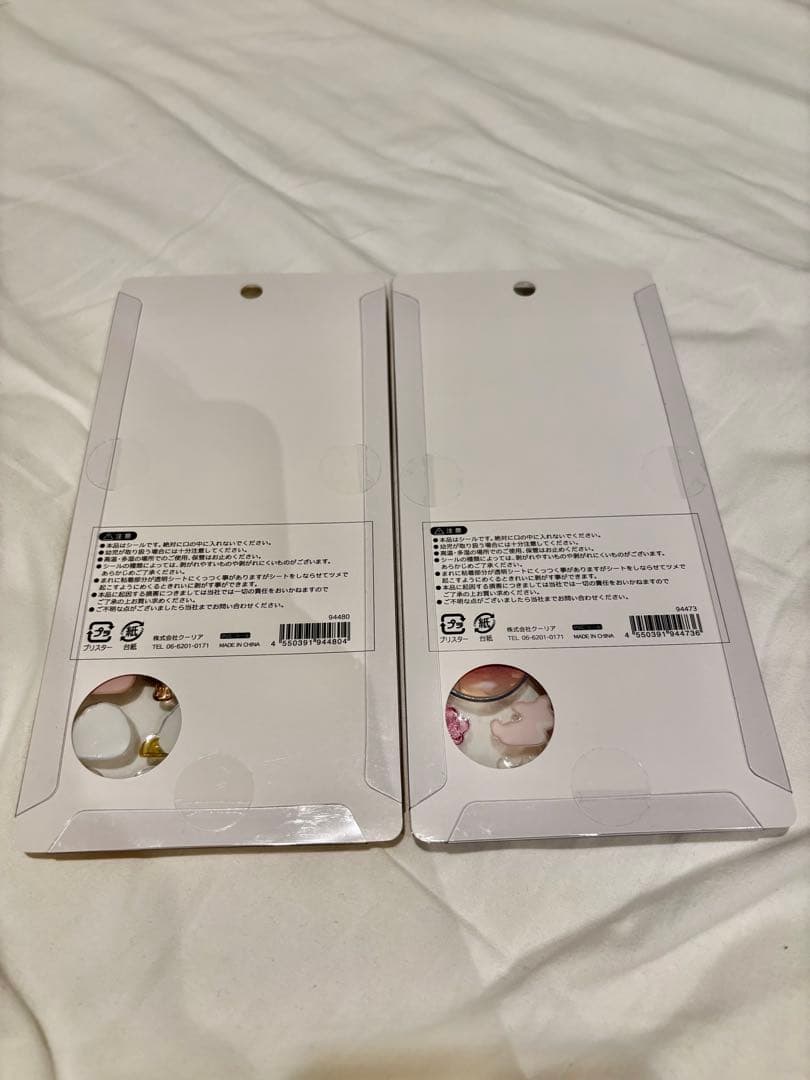 ボンボンドロップシール 和柄 7点セット 国内正規品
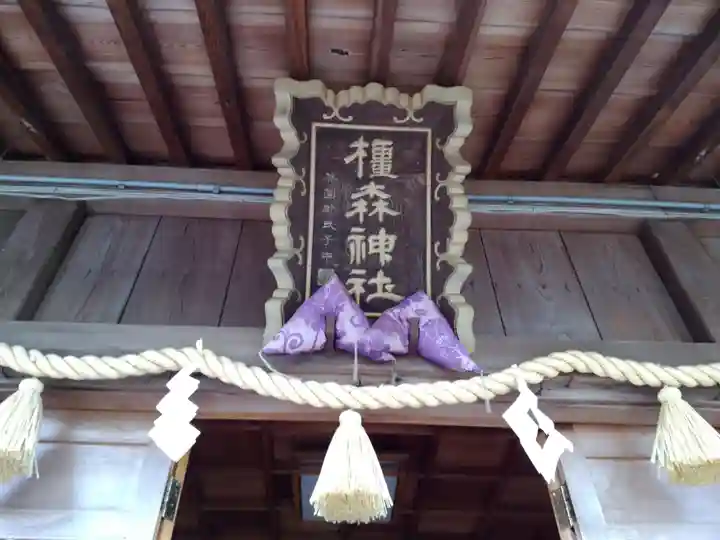橿森神社のその他建物
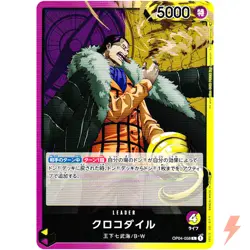 Sir Crocodile OP04-058 L Kingdoms of Intrigue - ONE PIECE Card Game Japanese - Image 1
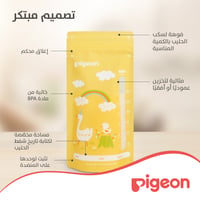 Pigeon Breastmilk Storage Bags - 180 ML - Image 4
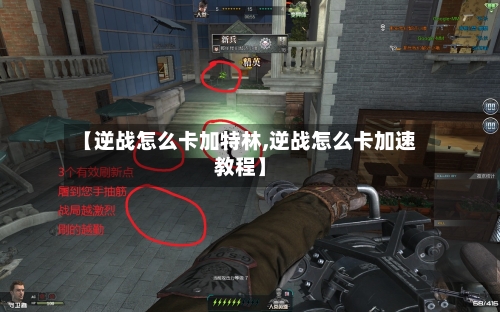 【逆战怎么卡加特林,逆战怎么卡加速教程】-第2张图片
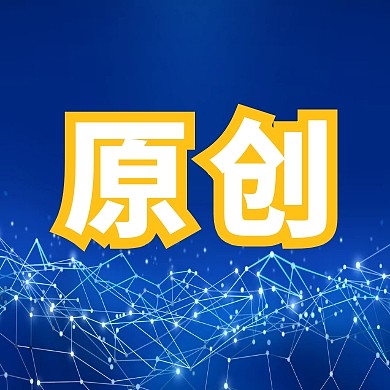 绿色方形橙色简约大气原创公众号封面小图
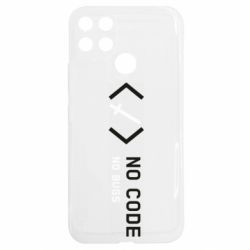 Realme C25Y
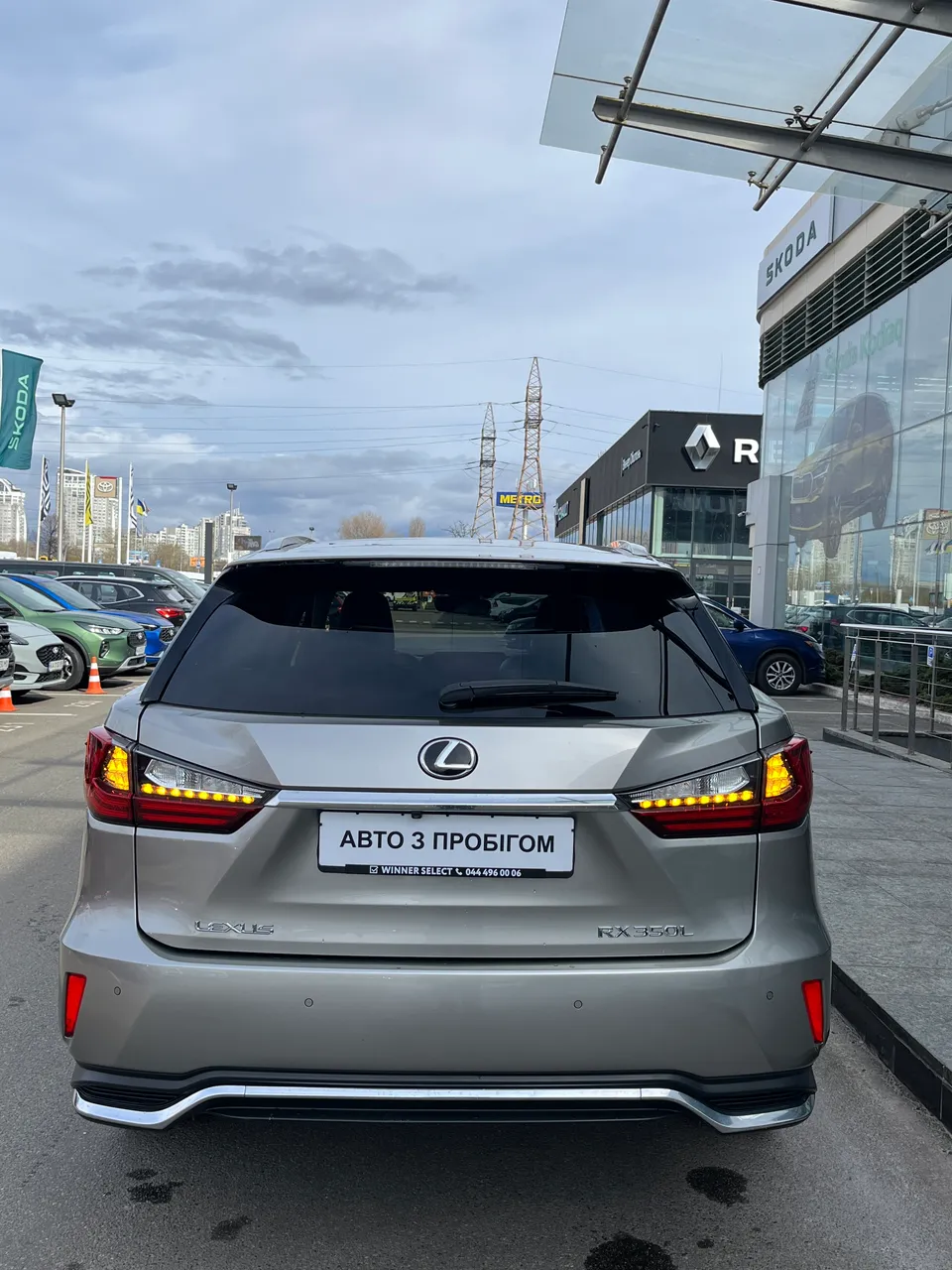 Lexus RX - фото 7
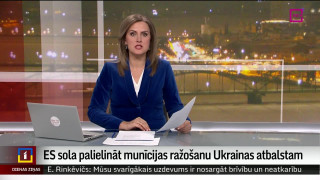 ES sola palielināt munīcijas ražošanu Ukrainas atbalstam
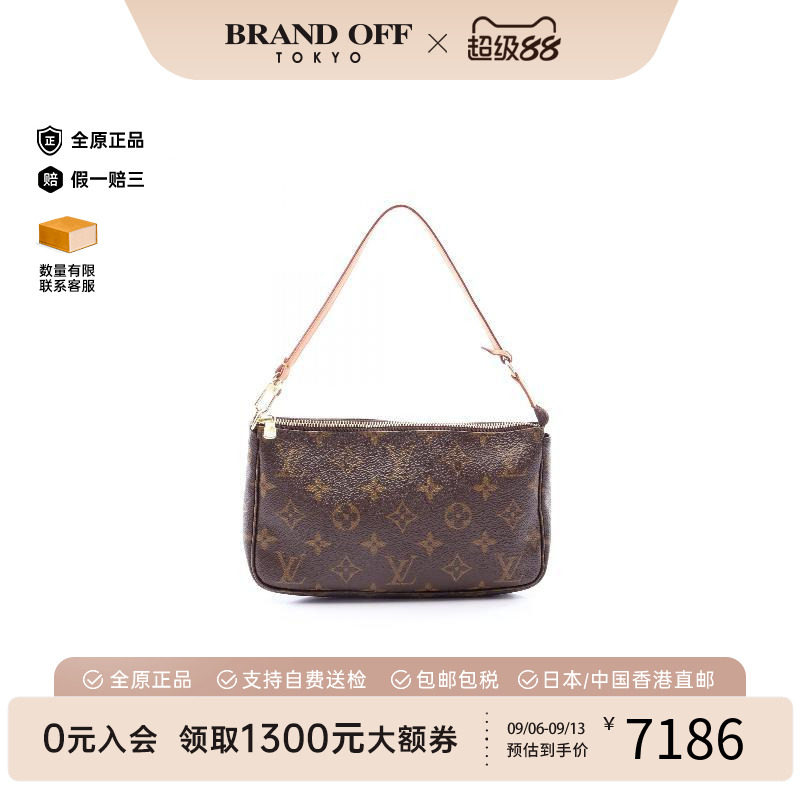 中古LV路易威登手提包レディース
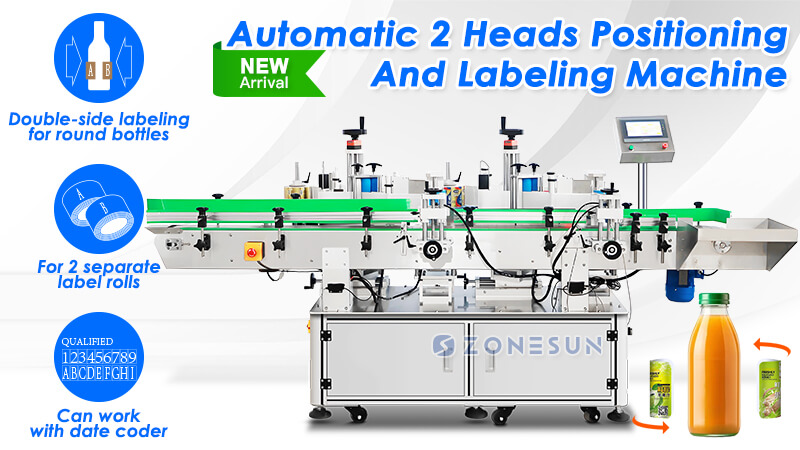 Double Side Round Bottle Labeling Machine
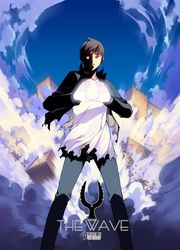 The Wave — scan VF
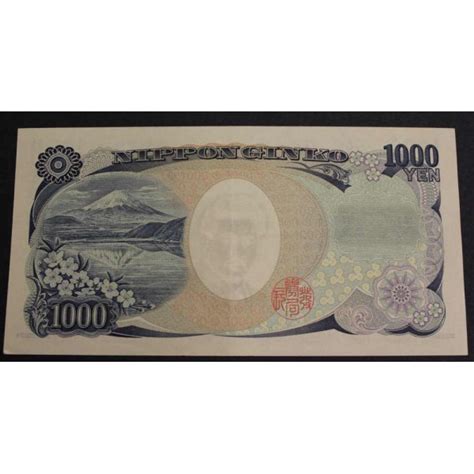 2004 Japon 1000 Yen Noguchi Hideyo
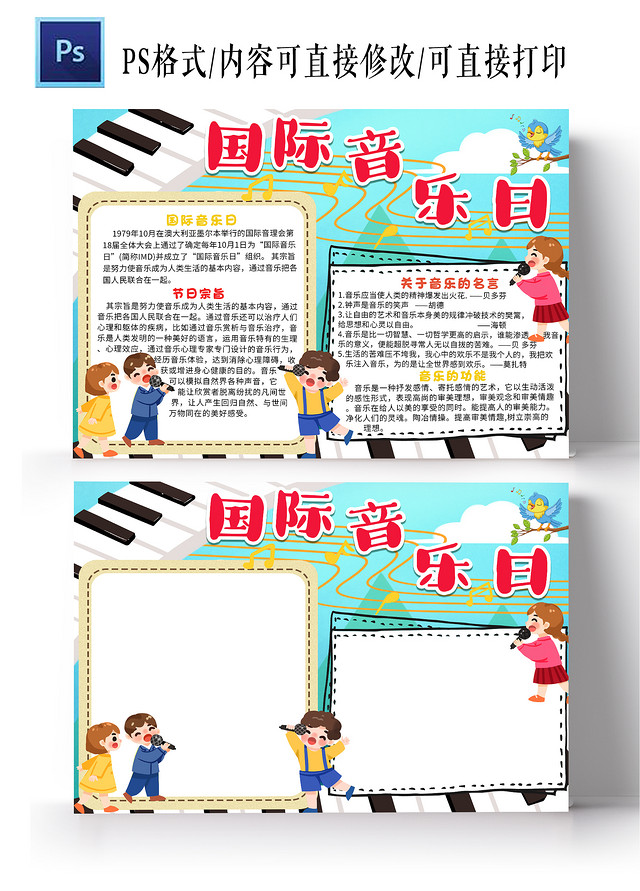 青色卡通国际音乐日小报手抄报卡通小报手抄报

--- Your instructions ---
Each line from the one that holds "中古LV路易威登手提包レディース" through the end of the material should be repeated exactly, and nothing more. Leave out any picture.

--- Written response ---
 中古LV路易威登手提包レディース
 Double Side Round Bottle Labeling Machine
 The Wave — scan VF
 2004 Japon 1000 Yen Noguchi Hideyo
 青色卡通国际音乐日小报手抄报卡通小报手抄报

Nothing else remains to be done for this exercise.